Calculate mean of each column ignoring missing data with awk - linux

I have a large tab-separated data table with thousands of rows and dozens of columns and it has missing data marked as "na". For example,
na 0.93 na 0 na 0.51
1 1 na 1 na 1
1 1 na 0.97 na 1
0.92 1 na 1 0.01 0.34
I would like to calculate the mean of each column, but making sure that the missing data are ignored in the calculation. For example, the mean of column 1 should be 0.97. I believe I could use awk but I am not sure how to construct the command to do this for all columns and account for missing data.
All I know how to do is to calculate the mean of a single column but it treats the missing data as 0 rather than leaving it out of the calculation.

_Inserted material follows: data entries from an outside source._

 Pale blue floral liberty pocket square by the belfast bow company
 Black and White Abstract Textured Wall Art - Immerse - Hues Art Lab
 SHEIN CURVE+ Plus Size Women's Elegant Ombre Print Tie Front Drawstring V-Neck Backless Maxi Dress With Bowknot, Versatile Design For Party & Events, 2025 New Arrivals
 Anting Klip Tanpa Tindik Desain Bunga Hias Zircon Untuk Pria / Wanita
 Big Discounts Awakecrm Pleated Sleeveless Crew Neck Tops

awk '{sum+=$1} END {print sum/NR}' filename

This is obscure, but works for your example
awk '{for(i=1; i<=NF; i++){sum[i] += $i; if($i != "na"){count[i]+=1}}} END {for(i=1; i<=NF; i++){if(count[i]!=0){v = sum[i]/count[i]}else{v = 0}; if(i<NF){printf "%f\t",v}else{print v}}}' input.txt
EDIT:
Here is how it works:
awk '{for(i=1; i<=NF; i++){ #for each column
sum[i] += $i; #add the sum to the "sum" array
if($i != "na"){ #if value is not "na"
count[i]+=1} #increment the column "count"
} #endif
} #endfor
END { #at the end
for(i=1; i<=NF; i++){ #for each column
if(count[i]!=0){ #if the column count is not 0
v = sum[i]/count[i] #then calculate the column mean (here represented with "v")

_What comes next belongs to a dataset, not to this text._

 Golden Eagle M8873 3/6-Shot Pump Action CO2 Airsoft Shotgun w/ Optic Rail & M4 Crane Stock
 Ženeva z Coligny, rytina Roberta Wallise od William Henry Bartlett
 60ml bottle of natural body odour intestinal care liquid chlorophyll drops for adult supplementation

}else{ #else (if column count is 0)
v = 0 #then let mean be 0 (note: you can set this to be "na")
}; #endif col count is not 0
if(i<NF){ #if the column is before the last column
printf "%f\t",v #print mean + TAB
}else{ #else (if it is the last column)
print v} #print mean + NEWLINE
}; #endif
}' input.txt #endfor (note: input.txt is the input file)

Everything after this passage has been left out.